The experimental phase is followed by the theoretical phase, in which the students get deeper information about the experiments they carried out before. Also in this phase the students work on their own. This phase can also be divided into three parts for each separation process. First, the learners receive general information about the respective separation process. An information text is provided, which can also be played back as an audio file, stopped at will and listened to repeatedly. Furthermore, the students receive additional interactive information, for example in the form of an interactive picture, as well as animation or video. In addition, learners can receive help in the form of previous knowledge as well as extra information. Secondly, after the information transfer, different tasks take place on three levels. Learners are encouraged to complete at least two tasks. Of course, they can also complete all three. The task types differ by topic. Finally, the learners summarise their newly acquired knowledge. This is done in the form of an article for the school homepage as well as through an online interview and a “WhatsApp” chat. Here, the students can receive support in the form of staged learning aids, too.

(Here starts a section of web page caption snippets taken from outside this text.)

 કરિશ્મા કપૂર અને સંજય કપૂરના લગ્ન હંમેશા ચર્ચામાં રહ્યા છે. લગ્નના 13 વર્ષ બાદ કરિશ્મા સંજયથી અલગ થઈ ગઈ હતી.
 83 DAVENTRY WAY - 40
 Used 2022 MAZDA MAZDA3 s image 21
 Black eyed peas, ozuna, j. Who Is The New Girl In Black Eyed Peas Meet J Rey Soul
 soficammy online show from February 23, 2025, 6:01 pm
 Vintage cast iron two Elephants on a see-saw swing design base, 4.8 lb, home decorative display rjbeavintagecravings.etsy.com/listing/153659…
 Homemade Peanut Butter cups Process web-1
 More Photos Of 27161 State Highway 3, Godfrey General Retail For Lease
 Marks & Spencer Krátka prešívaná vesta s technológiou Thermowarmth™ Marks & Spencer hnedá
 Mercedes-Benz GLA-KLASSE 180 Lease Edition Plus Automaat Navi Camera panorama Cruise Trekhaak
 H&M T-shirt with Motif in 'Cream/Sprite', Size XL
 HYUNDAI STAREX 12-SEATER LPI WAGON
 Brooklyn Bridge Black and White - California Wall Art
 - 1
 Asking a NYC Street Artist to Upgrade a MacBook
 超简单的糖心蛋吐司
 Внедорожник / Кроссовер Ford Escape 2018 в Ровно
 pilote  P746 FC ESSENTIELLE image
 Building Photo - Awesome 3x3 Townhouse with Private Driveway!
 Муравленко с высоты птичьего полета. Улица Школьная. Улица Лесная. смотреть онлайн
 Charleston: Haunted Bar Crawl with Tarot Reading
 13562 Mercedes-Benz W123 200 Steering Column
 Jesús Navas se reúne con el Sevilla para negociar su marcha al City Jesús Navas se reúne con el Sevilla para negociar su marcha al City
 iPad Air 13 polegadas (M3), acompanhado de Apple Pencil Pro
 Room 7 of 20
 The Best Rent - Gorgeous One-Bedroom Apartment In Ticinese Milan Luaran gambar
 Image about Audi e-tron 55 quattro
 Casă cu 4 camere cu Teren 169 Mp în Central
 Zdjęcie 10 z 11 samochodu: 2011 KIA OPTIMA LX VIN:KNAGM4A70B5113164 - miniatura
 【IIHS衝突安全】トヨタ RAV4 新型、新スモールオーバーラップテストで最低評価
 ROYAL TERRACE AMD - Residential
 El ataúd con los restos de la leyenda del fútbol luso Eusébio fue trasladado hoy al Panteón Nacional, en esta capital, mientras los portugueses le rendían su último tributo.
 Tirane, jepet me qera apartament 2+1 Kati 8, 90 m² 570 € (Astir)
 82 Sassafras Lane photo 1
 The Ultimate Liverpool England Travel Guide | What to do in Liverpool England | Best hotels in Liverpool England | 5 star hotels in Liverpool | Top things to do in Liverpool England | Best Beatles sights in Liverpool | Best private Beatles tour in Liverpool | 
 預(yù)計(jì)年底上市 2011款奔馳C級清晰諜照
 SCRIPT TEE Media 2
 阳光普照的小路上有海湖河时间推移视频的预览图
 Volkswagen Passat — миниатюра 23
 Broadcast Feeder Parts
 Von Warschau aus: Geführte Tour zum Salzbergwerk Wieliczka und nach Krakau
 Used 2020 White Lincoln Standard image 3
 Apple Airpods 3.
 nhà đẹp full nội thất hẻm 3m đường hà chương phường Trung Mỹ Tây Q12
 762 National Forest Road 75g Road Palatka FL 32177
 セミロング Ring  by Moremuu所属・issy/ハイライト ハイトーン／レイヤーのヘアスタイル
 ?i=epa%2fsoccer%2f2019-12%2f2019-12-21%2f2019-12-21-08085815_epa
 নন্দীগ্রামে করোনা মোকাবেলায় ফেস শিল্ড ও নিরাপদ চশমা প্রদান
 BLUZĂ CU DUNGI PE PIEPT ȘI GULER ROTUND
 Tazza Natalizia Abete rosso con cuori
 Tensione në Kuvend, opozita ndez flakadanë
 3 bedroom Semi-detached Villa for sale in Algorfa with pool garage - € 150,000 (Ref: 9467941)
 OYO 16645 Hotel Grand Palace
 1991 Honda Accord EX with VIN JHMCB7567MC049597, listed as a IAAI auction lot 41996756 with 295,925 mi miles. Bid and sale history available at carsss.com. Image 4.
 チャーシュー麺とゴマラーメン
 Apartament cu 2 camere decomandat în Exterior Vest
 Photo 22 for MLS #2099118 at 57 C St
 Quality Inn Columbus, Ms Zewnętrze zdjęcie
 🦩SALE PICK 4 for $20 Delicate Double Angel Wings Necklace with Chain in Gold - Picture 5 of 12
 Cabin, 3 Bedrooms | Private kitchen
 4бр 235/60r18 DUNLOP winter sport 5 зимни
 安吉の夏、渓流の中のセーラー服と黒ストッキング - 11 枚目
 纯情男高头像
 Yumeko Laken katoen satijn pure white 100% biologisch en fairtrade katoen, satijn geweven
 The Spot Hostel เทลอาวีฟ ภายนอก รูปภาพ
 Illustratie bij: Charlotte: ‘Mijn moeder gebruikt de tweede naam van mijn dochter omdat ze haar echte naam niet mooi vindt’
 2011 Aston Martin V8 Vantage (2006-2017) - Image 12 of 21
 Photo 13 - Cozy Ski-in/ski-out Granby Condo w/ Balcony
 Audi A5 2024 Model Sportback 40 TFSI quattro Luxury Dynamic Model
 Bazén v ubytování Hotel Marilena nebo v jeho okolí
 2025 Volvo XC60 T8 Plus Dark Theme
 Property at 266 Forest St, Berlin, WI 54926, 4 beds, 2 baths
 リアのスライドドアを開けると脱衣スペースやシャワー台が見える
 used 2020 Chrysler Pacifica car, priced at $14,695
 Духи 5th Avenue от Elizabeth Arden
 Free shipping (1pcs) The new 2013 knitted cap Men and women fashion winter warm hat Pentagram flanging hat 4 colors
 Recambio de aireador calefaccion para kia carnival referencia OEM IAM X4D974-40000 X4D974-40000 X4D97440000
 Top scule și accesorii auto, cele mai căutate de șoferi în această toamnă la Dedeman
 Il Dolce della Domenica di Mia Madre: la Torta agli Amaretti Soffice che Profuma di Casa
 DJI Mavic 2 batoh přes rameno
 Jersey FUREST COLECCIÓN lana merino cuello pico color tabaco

With a view to the design of the study, the iBook described up to this point is not used by all students, but only by the students of group G1. In contrast, the students of group G2 work with analogue learning materials that we developed for the comparison. These materials were designed in the form of a regular workbook, which have identic content as the iBook. Understandably, not all functions of the iBook can be transferred 1:1 into the analogue workbook. For example, videos and animations had to be replaced by sequences of pictures and instead of the photo function, students have to make drawings. In order to ensure comparability between the two groups, each learner of G2 receives an extra booklet with corresponding learning aids for additional help.

Conclusion and outlook

In the course of a pilot study the developed learning environment and the corresponding test instruments were tested in five classes (N = 105). The data collected will be evaluated in the following months, which is why there are no quantitative results currently available. At present, only a qualitative assessment of the pilot study can be made. First of all, we can say that the learning environment generally works and that there have not been any serious structural or technical problems. The students of both groups were able to work individually with their teaching materials during the project day, despite of being unaccustomed to this very independent way of working. In addition, the experimental boxes prepared for each learner were highly appreciated by the students. Especially in the experimental phase, the analogue group proved to be working faster than the digital group. This could be due to some functions of the iBook being initially unfamiliar to the students of the digital group and therefore first having to be internalised. Interviews with individual learners have not yet been able to show whether the teaching materials of one group were rated better or worse than those of the other. Overall, we observed a visible decrease in motivation in both groups when transitioning from the experimental phase to the theoretical phase. Although they rated both the analogue and the digital learning material positively, the teachers involved in the project noted that the development of such materials is hardly feasible in everyday school life.

After the evaluation of the data collected within the pilot study and the subsequent revision of all materials and test instruments, the main study with a sample of N ≈ 300 is scheduled to begin in autumn 2019. In addition, the development of suitable coding manuals for the evaluation of screen and video recordings is still pending.